> BRIEF: When the line containing "Father Daughters Custom" is found in the data below, copy it and each line after it through the line containing "LED Proyector solar", exactly and with no others.

> RECORD EXCERPTS:
============

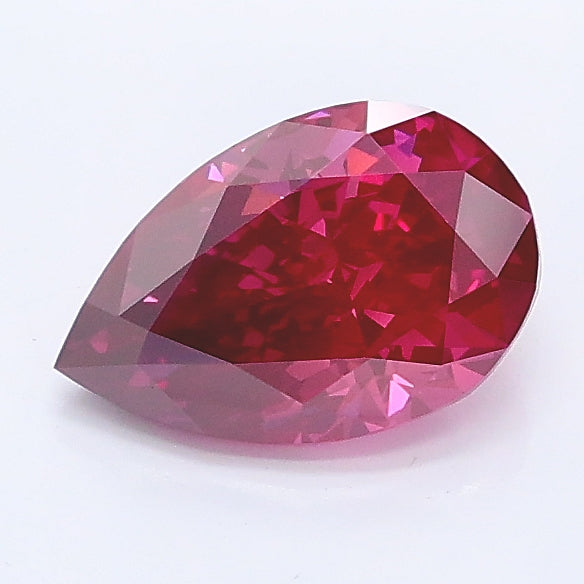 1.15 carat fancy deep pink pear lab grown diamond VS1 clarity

============

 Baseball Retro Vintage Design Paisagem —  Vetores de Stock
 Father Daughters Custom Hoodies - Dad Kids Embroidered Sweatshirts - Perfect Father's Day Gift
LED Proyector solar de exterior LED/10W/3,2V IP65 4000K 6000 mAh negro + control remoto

============

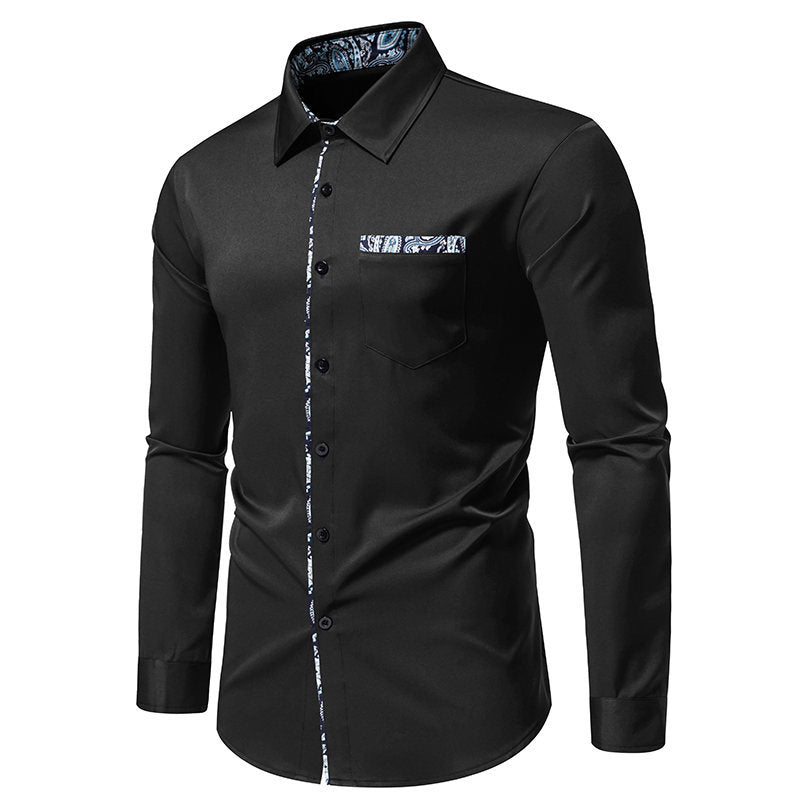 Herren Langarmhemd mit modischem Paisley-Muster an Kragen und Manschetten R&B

============

> RESPONSE TO THE TASK:
 Father Daughters Custom Hoodies - Dad Kids Embroidered Sweatshirts - Perfect Father's Day Gift
LED Proyector solar de exterior LED/10W/3,2V IP65 4000K 6000 mAh negro + control remoto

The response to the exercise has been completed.